The input: Begin
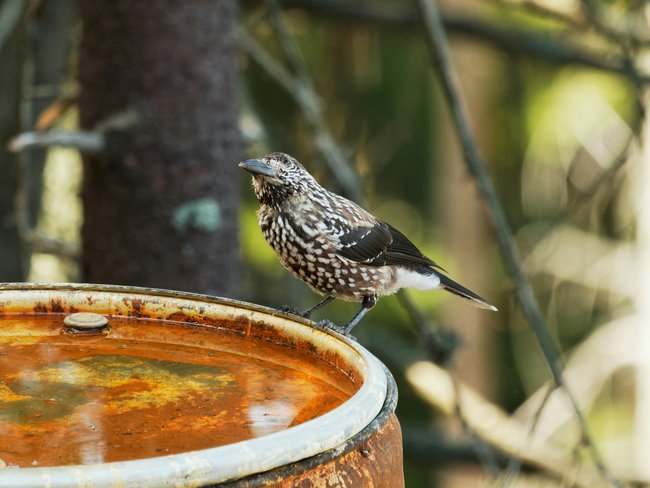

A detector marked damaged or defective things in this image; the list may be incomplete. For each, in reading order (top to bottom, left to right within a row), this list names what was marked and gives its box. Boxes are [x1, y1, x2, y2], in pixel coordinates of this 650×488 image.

orange rust stain [0, 314, 356, 468]
rusty metal barrel [0, 284, 400, 486]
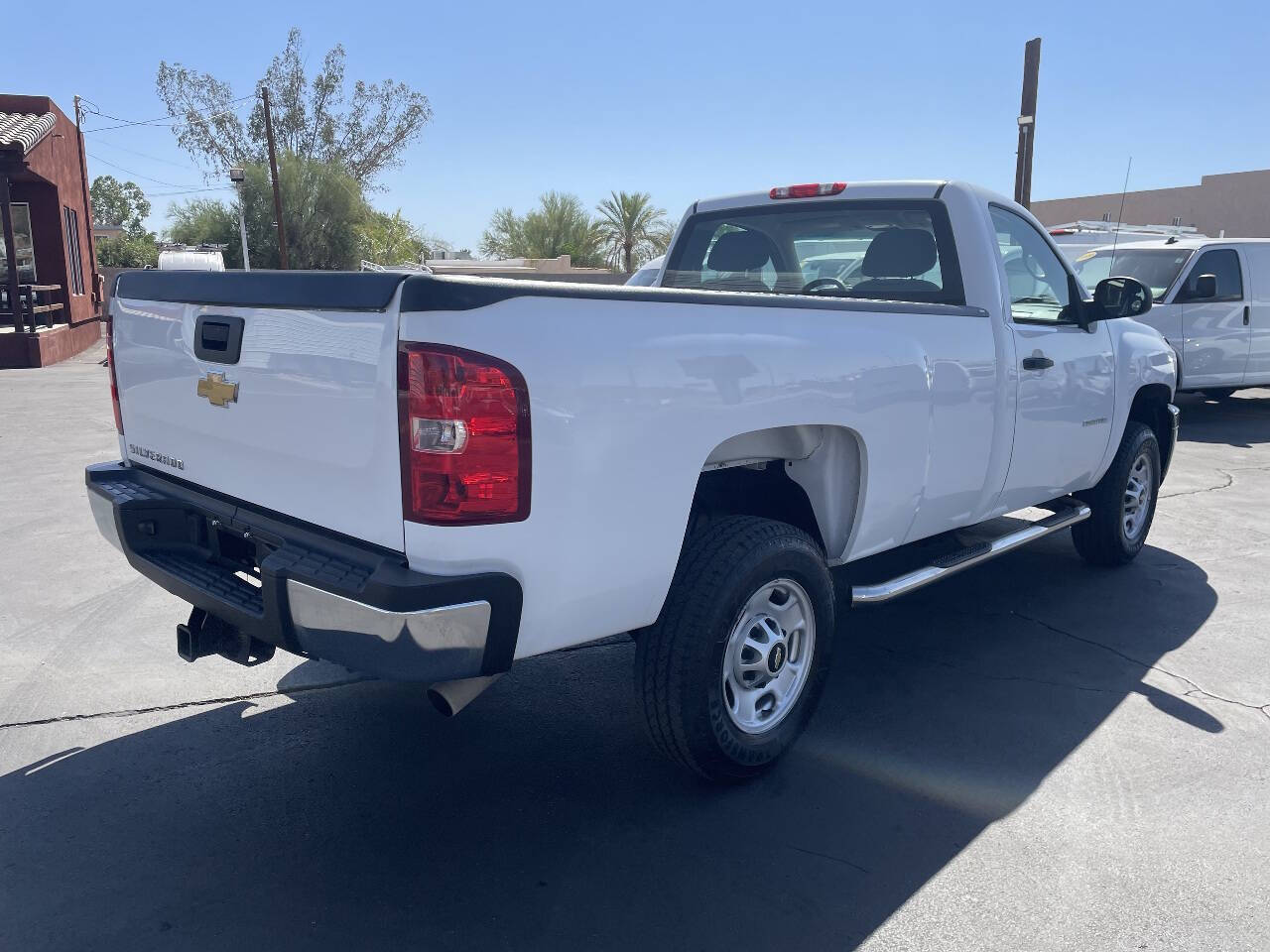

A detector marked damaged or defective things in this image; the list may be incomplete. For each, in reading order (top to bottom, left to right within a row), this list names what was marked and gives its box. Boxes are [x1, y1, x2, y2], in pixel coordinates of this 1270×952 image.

pavement crack [1163, 469, 1229, 500]
pavement crack [1010, 611, 1270, 721]
pavement crack [0, 674, 368, 736]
The input: End
**What is expected**
Restate word for word the lines from the one holding "this 1270×952 image." to the end of the listing, both ends included, and nothing more.

**Exercise output**
A detector marked damaged or defective things in this image; the list may be incomplete. For each, in reading order (top to bottom, left to right within a row), this list names what was marked and gives its box. Boxes are [x1, y1, x2, y2], in pixel coordinates of this 1270×952 image.

pavement crack [1163, 469, 1229, 500]
pavement crack [1010, 611, 1270, 721]
pavement crack [0, 674, 368, 736]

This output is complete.